The Black Cathedral: A Novel

  • By Marcial Gala; translated by Anna Kushner
  • Farrar, Straus and Giroux
  • 224 pp.

Death and destruction plague impoverished Cubans in this visceral, confounding tale.

The Black Cathedral: A Novel

Marcial Gala’s The Black Cathedral is a novel deeply immersed in Cuban culture and history. It is set in Cienfuegos (which, ironically enough, means “hundred fires” in Spanish) on the southern coast of Cuba and was written in Cuban Spanish. The translator, Anna Kushner, is the daughter of Cuban exiles. The book is the underside of the island nation writ large.

The story, set in the first decade of the 21st century, centers on the Stuart family and the church, referred to as “the cathedral,” that Arturo Stuart, the father, begins building with the cooperation of the people who live in the Punta Gotica quarter of Cienfuegos.

Why the Stuarts have an Anglo-Saxon name is never explained. Nor does the reader learn why the family, obviously better off financially than the other inhabitants of Punta Gotica, has moved to Cienfuegos from Camagüey in the central part of the island. They are erratically religious, starting each conversation with “Blessings.”

The family consists of five members: Arturo; Carmen, the mother; David King, the elder son (known as Cricket), who, as a child, is beaten by his father, but as an adult, grows to six feet, five inches and is endowed with a phenomenal sexual appendage; the younger son, Samuel Prince (known as Jelly); and the daughter, Johannes. By the end, all but Johannes, and perhaps Carmen (one character says she was killed by her sons; another says she survived), are dead.

The building of the cathedral progresses throughout the roughly eight years covered by the book. Only at the conclusion of the story does it become clear that the church will never be finished. It gradually falls into ruin and turns black, becoming a symbol of the degradation of the black community that built it.

Almost all the inhabitants of Punta Gotica, including the Stuarts, are black. They distinguish themselves by how black they are. Most are mulatos, of mixed race. Women with a light complexion are valued over those who are dark. The few Caucasians are the most admired.

The reader learns the story of Punta Gotica from spoken narratives. The statements run from a single paragraph to several pages. They are not chronological; we are fed the story in bits and pieces.

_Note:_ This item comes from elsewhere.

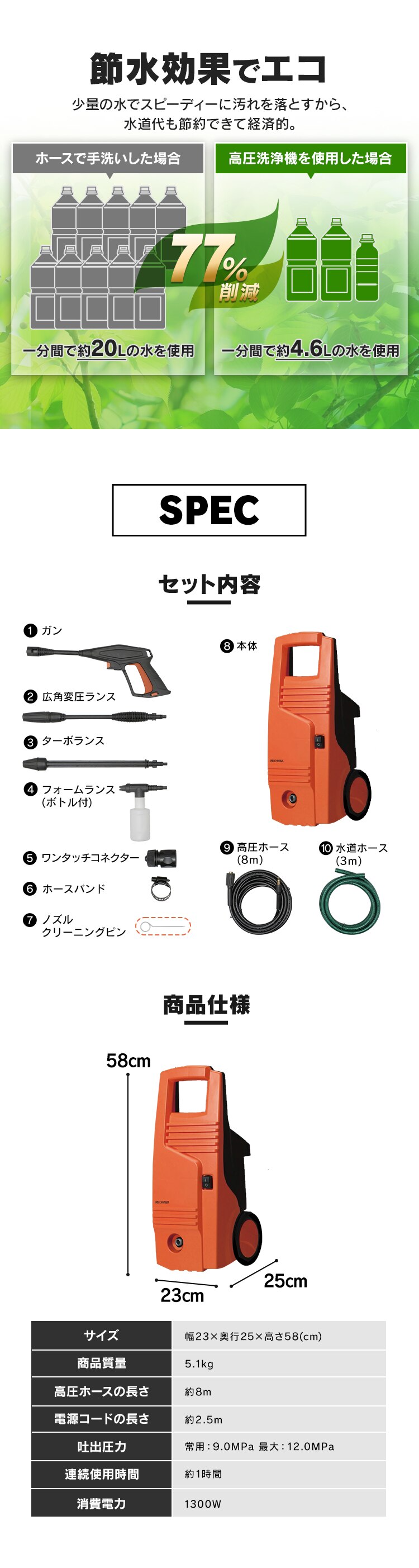 【29%OFF】高圧洗浄機 FBN-601HG-D10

We hear from 24 characters who talk about the Stuarts and each other. Among the most prominent are Yohandris Carlos Fernández Ramírez, known as Guts, who eventually escapes to Spain; Ricardo Mora Gutiérrez, called Gringo, a murderer who ends up on death row; and Berta, a local woman who witnesses the entire story. Some characters continue to speak after death. Because of the poverty and ugliness, as many as can leave Cuba for other countries. They end up in the U.S., Spain, and Italy.

No narratives come from the principal characters, the Stuarts, with one exception: At the very end of the book, we hear from Samuel Prince, but his narrative is almost entirely a quote from what he imagines others will say to him.

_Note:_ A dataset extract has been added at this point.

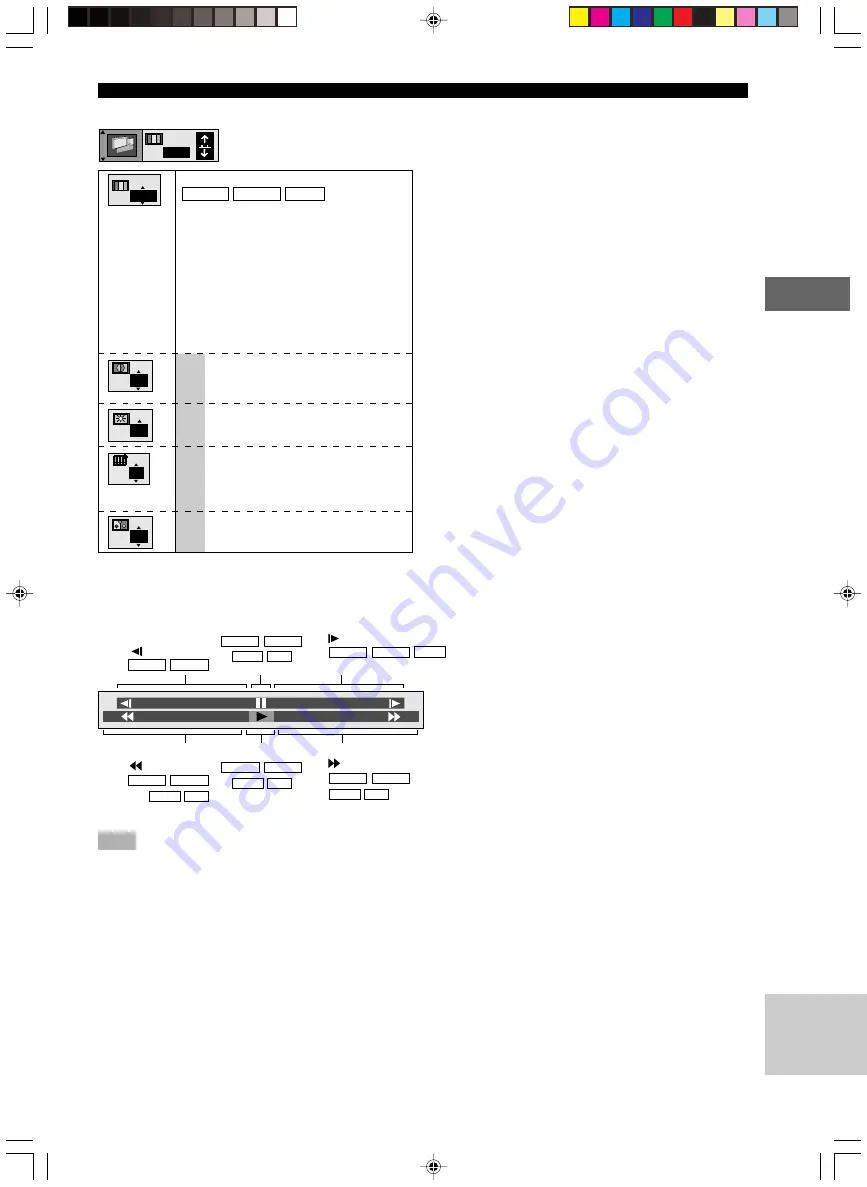 Yamaha DVR-S100 Owner'S Manual Download Page 429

The Black Cathedral is not easy to understand. The telling of the story in fragments from multiple, occasionally contradictory viewpoints requires the reader to reconstruct the tale from incomplete, conflicting details. This reader also had trouble remembering which character was which.

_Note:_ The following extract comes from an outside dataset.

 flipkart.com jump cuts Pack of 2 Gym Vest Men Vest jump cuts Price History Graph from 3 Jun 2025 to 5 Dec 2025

And the language is a challenge. Words from Cuban Spanish (cubano or cubaño) are sprinkled throughout the text, most often because there is no exact English equivalent to use instead. Spanish is a language I have studied, but I often found that the meaning of an interspersed word was different from its standard definition. And a great many do not appear in Spanish at all.

When my Spanish-English dictionary failed, I searched the internet. I learned that Yuma, for example, is cubañol for the United States. Asere is a word introduced to Cuba by African slaves. It means good friend or buddy. Pinga, which literally means penis, is apparently used here to mean homosexual (maricón also appears) or perhaps transsexual. There are even words from Yoruba, a Nigerian language.

Every fictional device imaginable is employed. The aberrations chronicled in detail include but are not limited to murder, cannibalism, and sexual intercourse with a corpse. Ghosts talk to and guide characters in the pursuit of treasure. Characters move casually from one sexual partner to another. Oral sex is commonplace.

As a result, I can recommend The Black Cathedral to those willing to face a society mired in poverty and excess. Its readers need to be willing to piece together the story from incomplete clues. A knowledge of Spanish will help. This is not an easy read.

But to the degree that Marcial Gala has accurately depicted the culture of Punta Gotica, the effort required to struggle through the book is worthwhile. I came away from The Black Cathedral with a deepened understanding of Cuba and the extent to which poverty can undermine decency — a lesson well worth learning.

Tom Glenn was an intelligence operative for the U.S. government for 35 years. A linguist in seven languages, he has four novels and 17 short stories in print, with two more books due out in 2020.